In the records below, find the line with "striochat brasil" and repeat it and every line after it, exactly, without any pictures.
Start of DATA
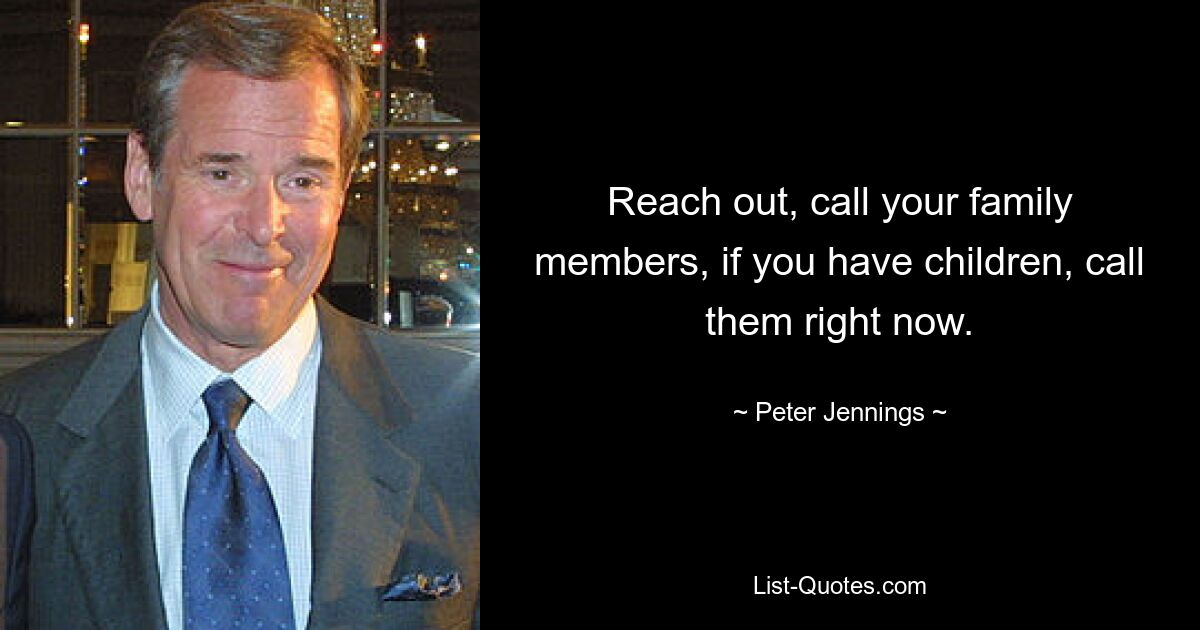 Reach out, call your family members, if you have children, call them right now. — © Peter Jennings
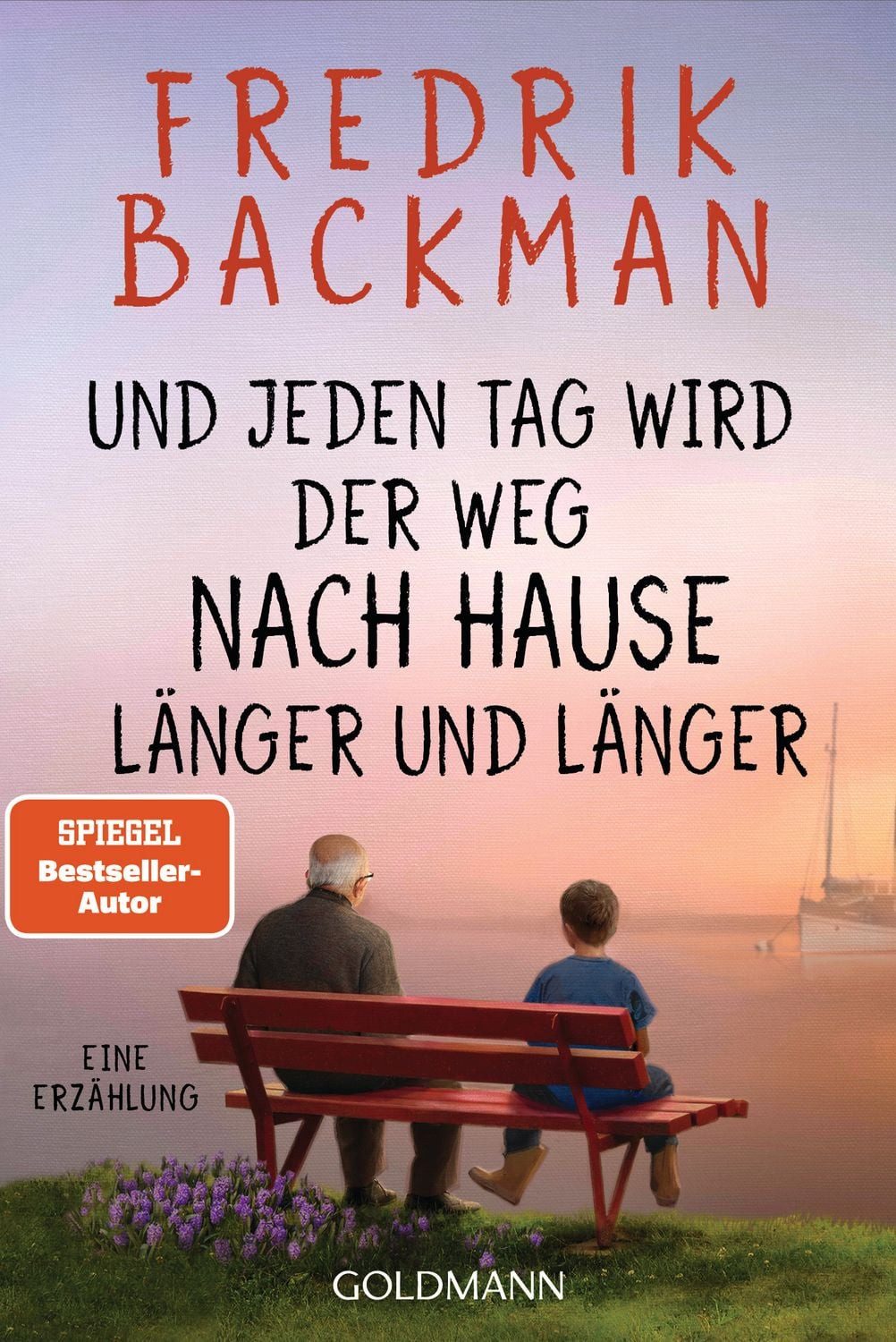 Belletristik Und jeden Tag wird der Weg nach Hause länger und länger Eine Erzählung Fredrik Backman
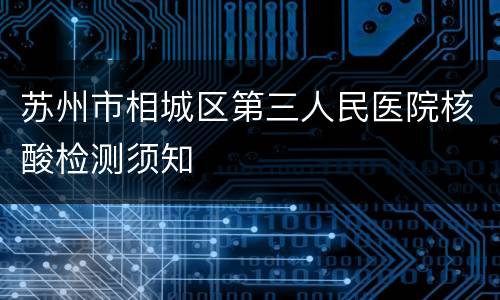 苏州市相城区第三人民医院核酸检测须知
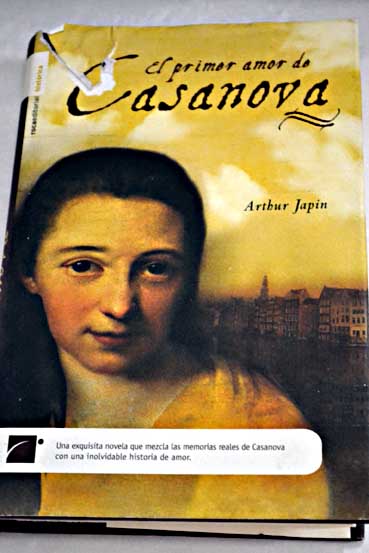El primer amor de Casanova / Arthur Japin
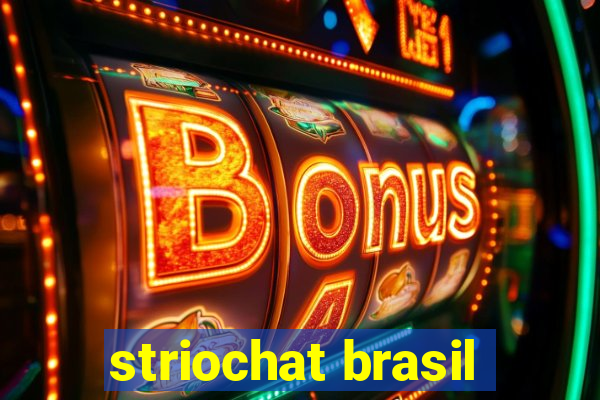 striochat brasil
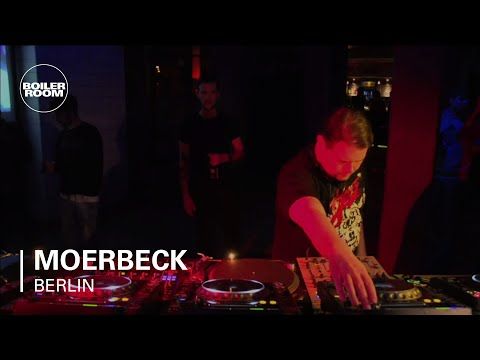 Moerbeck Boiler Room Berlin DJ Set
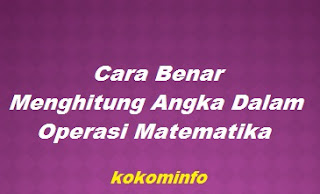 Cara menghitung yang benar dalam operasi matematika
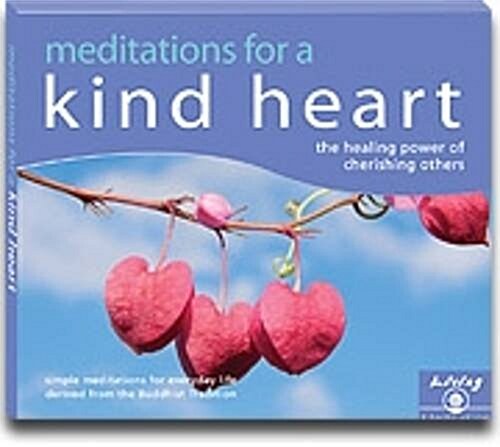 Meditations for a Kind Heart : Finding Happiness Through Cherishing Others (CD-Audio)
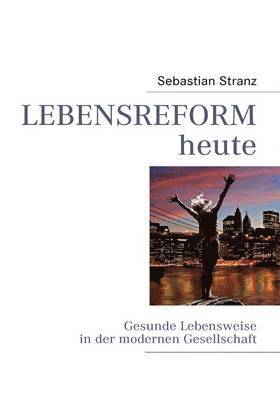 bokomslag Lebensreform heute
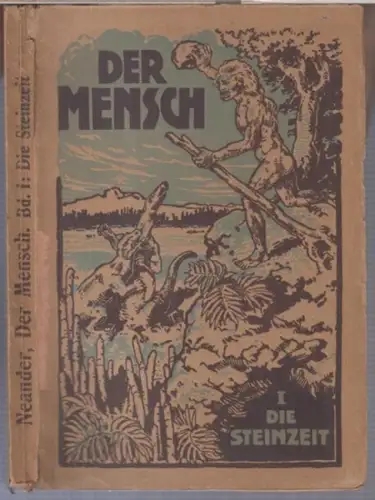 Die Steinzeit. Archäologische Romane und Novellen ( = Der Mensch und seine Entwicklung dargestellt in archäologischen Romanen und Novellen, 1, Reihe, 1. Buch )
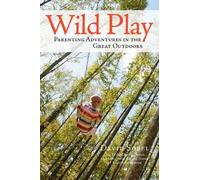 David Sobel Wild Play (Tascabile)
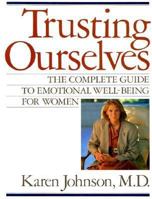 Trusting Ourselves: The Complete Guide to Emotional Well-Being for Women 0871134470 Book Cover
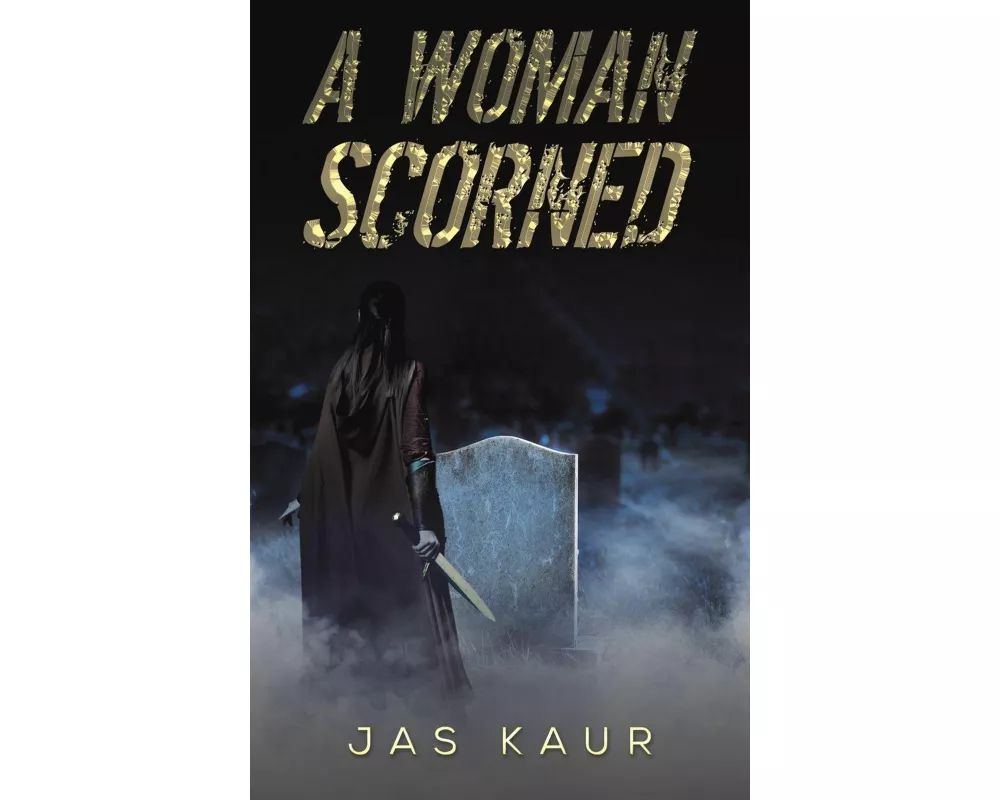 A Woman Scorned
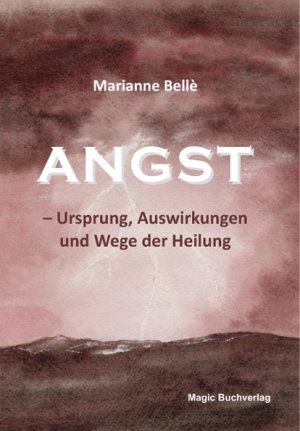 ISBN 9783944847009: Angst - Ursprung, Auswirkungen und Wege der Heilung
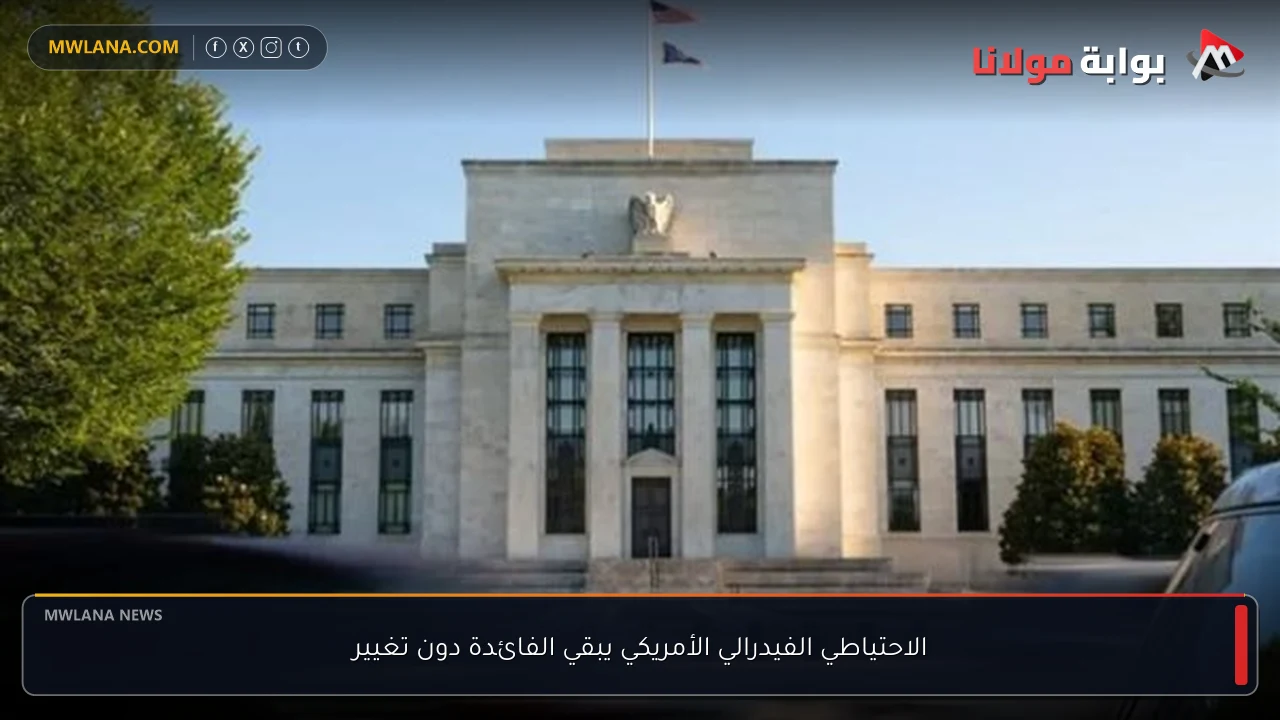 الاحتياطي الفيدرالي الأمريكي يبقي الفائدة دون تغيير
End of DATA
### RESULT FOR THIS EXERCISE
 striochat brasil
 Moerbeck Boiler Room Berlin DJ Set
 Cara menghitung yang benar dalam operasi matematika
 Meditations for a Kind Heart : Finding Happiness Through Cherishing Others (CD-Audio)
 bokomslag Lebensreform heute
 Die Steinzeit. Archäologische Romane und Novellen ( = Der Mensch und seine Entwicklung dargestellt in archäologischen Romanen und Novellen, 1, Reihe, 1. Buch )
 David Sobel Wild Play (Tascabile)
 Trusting Ourselves: The Complete Guide to Emotional Well-Being for Women 0871134470 Book Cover
 A Woman Scorned
 ISBN 9783944847009: Angst - Ursprung, Auswirkungen und Wege der Heilung
 الاحتياطي الفيدرالي الأمريكي يبقي الفائدة دون تغيير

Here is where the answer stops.